Mr. Mansfield. Your kindness and your disin terested goodness make you irresistible. You have twice saved my life, and you are now labouring for the salvation of my soul! Well, madam, your request is granted: and in return for this compliance, I have to ask, that you will never enter the house of God without remembering me in your prayers. This will give me some confidence in the efficacy of what you have required from me.

Lady. Then now, and ever, dear sir, you have my most fervent prayers, that you may imbibe a truly Christian spirit, and increase in virtue and in happiness, to the latest period of your earthly pilgrimage, -and when that shall close, may we meet in those celestial regions, where holiness and felicity will be ever increasing, and never fear an end!

Mrs. Mansfield, much affected, rose up, and taking the hand of her uncle, tenderly pressed it to her lips. He was greatly moved, and affectionately embracing her, took from his desk a note of considerable value, earnestly entreating her acceptance of it; but this she

steadily, though thankfully, refused. Give it then amongst your poor neighbours," said he, "if you are resolved to take nothing for yourself, surely you cannot scruple to do that."

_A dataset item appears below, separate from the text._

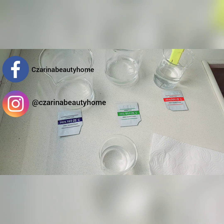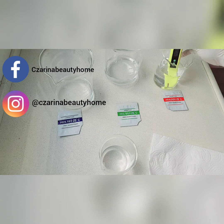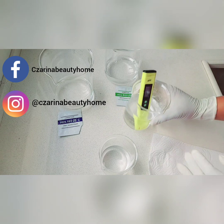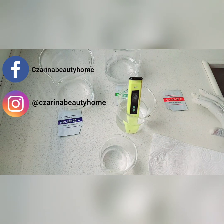If you flip the pH meter, you'll see the sensor — it looks like a bulb. Don't ruin that. That's the sensor, and if you get it broken, the pH meter is ruined and you can't use it anymore.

Lady. For that purpose I will gratefully receive whatever you are pleased to give, provided you will come and witness the effects of your liberality, and accept the thanks and blessings of those on whom it is bestowed. Come, my dear uncle, come and distribute your own bounty; come and enliven my solitary habitation by a visit of a few weeks in the course of the next summer, and I will do all that is in my power to make it agreeable to you.

Mr. Mansfield. I accept your invitation, my dear madam; but make no expensive or troublesome preparations for my reception. My servants and horses shall be at the village inn, and I will live in your own plain and simple way. Who knows but I may there acquire a taste for that solid happiness which springs from virtue, and unfetter my heart from a gross and selfish world. You said the other day, that I ought not to quit a place where I have so manifestly experienced the mercy of God, in a recovery from a dangerous illness, without leaving some mark of gratitude behind. I will therefore give part of this note between the Infirmary, which I hear is well conducted, and extensively useful, and the school for the instruction of poor children, which I find is a new institution, and may want support.

Lady. A thousand times do I thank you for the pleasure which this generous resolution gives me. Often from my lonely dwelling shall my prayers asend to the throne of mercy, that God would grant you," according to the riches of his glory, to be strengthened with might in the inner man; that Christ may dwell in your heart by faith:" being confident that he who hath begun a good work in you, will perform it until the day of Jesus Christ."